Мечта отца о моем адвокатстве так и не сбылась. Правда, окончив гимназию, я поступила на женские курсы юридического факультета, но дальше первого курса не пошла. Впрочем, к адвокатам я всегда относилась с глубоким уважением. А если б я и стала адвокатом, то не гражданским, как отец, а непременно по уголовным делам.
Мой отец был присяжным поверенным в Риге, где и прошло мое детство, но, как ни странно, я была абсолютно безразлична к Риге. Так что пословица «Всякий кулик свое болото хвалит» на мне не оправдалась. Я любила столицу – Петербург. И только там чувствовала себя по-настоящему дома. Мой отец часто ездил в Петербург выступать в Сенате и иногда брал меня с собой. И там прошли самые блаженные из моих детских дней.
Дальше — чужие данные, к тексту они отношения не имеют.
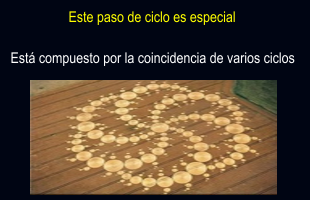 CICLOS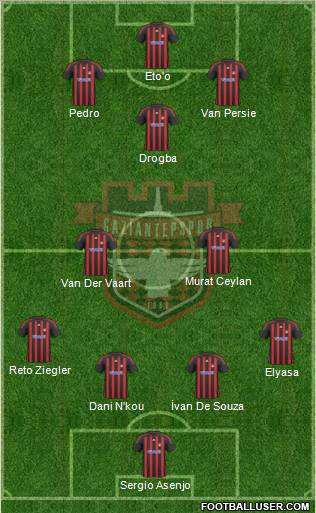Gaziantepspor Formation 2011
Я жила у своей тетки Лизы, которая меня очень любила и страшно баловала. У меня были еще двоюродный брат Стива, правовед, и двоюродная сестра Ира. Они оба были старше меня и тоже очень меня баловали. Как я уже сказала, был у меня и родной брат, а сестер, к моему величайшему сожалению, не было. Но я воображала, что, если бы была сестра, мы бы очень дружили. Подруг своих я не слишком любила и часто презирала за их пристрастие к куклам. Моя мама, боясь, что из меня получится не особенно хорошая хозяйка дома, дарила мне множество кукол, все надеясь, что я ими заинтересуюсь. Они заняли, вместе с кукольным домом и спальней, половину моей комнаты. У каждой из них был свой гардероб, их надо было одевать, причесывать, укладывать спать. Я же просто совала их в кровать, закрывала одеялом и объявляла: «Спят уже» – и больше заниматься ими не желала. Девочки, приходившие ко мне в гости, мне страшно завидовали из-за этой массы кукол и «со страстью» играли с ними часами. Я смотрела на них с презрением и в игре никогда не участвовала.
Я любила только собак и лошадей. Выходя гулять с гувернанткой, говорила про себя: «Один большой поклон всем собакам и всем лошадям этой улицы». Я чувствовала себя королевой собачьего царства, в котором не было ни одного человека, а все собаки говорят стихами. Я никому о своем царстве не говорила, но однажды все-таки проболталась своей английской гувернантке, которая мне пообещала, что той же ночью я поеду в это царство. Я прождала целый день. Вечером, укладывая меня в постель, она сказала: «Вот заснете и поедете». Я очень обиделась и с той поры еще меньше стала доверять взрослым, и никому уже не говорила о своем царстве, хотя и продолжала, нарядившись в мамино маскарадное черное платье со звездами-блестками, считать себя королевой.